We have all done it at one point in time or another – gotten behind the wheel to go somewhere when we were drowsy. It wasn’t the best idea if you were just a bit tired, but it typically doesn’t have long-term consequences. If you happen to be a resident of Arkansas, this may not be something you ever want to do again. There are now laws in place that make this one of two states you can get prosecuted for driving while drowsy.
What the Laws Intend to Do
The law has added fatigued driving to categories of negligent homicide. Should you decide to get behind the wheel after being awake for 24 hours or more, you can get charged with driving while drowsy. It is a public safety issue that the people of Arkansas took seriously. The first state, New Jersey, enacted Maggie’s Law after someone got behind the wheel tired and a fatality occurred. However, it wasn’t something the rest of the nation did at the same time. It became an issue in Arkansas after people who had lost loved ones to this type of negligence started coming forward to speak with Senator Jason Rapert.
The goal behind this law is to keep people from getting behind the wheel when they have been awake for 24 hours or longer. When this is the case, people tend to doze off, putting themselves and anyone else on the road at very high risk of getting hurt or killed. Multiple studies have shown that drowsy drivers can be far more dangerous than intoxicated ones, since they rarely slow down prior to an accident. This is a serious issue that is often not covered under any legal form of gross negligence, meaning that many times when this type of accident occurs, nothing can be done to prosecute the offender.

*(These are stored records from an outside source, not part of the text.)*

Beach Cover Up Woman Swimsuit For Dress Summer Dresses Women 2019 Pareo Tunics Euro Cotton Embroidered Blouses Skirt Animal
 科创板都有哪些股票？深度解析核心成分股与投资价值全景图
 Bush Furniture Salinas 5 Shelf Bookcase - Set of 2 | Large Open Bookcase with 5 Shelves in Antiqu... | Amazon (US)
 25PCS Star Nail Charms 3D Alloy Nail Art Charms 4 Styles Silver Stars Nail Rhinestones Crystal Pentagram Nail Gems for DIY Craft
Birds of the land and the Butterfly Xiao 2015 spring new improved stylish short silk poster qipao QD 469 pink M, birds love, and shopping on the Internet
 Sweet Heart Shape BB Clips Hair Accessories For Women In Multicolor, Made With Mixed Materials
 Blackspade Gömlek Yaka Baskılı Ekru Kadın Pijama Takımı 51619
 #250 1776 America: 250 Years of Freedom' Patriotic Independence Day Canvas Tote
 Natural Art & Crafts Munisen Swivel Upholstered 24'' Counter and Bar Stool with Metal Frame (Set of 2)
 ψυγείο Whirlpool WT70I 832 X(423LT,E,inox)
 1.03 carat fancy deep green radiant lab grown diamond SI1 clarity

This law is not intended to stop people from driving, and it is not going to prosecute everyone who gets into their vehicle not-quite-awake in the morning because they have not had enough coffee. However, this law is intended to stop people from intentionally staying up more than 24 hours and making a negligent decision that could cost lives. It also allows families of victims to have some sort of repercussions should an accident occur after someone decides to stay awake too long and get behind the wheel of a vehicle.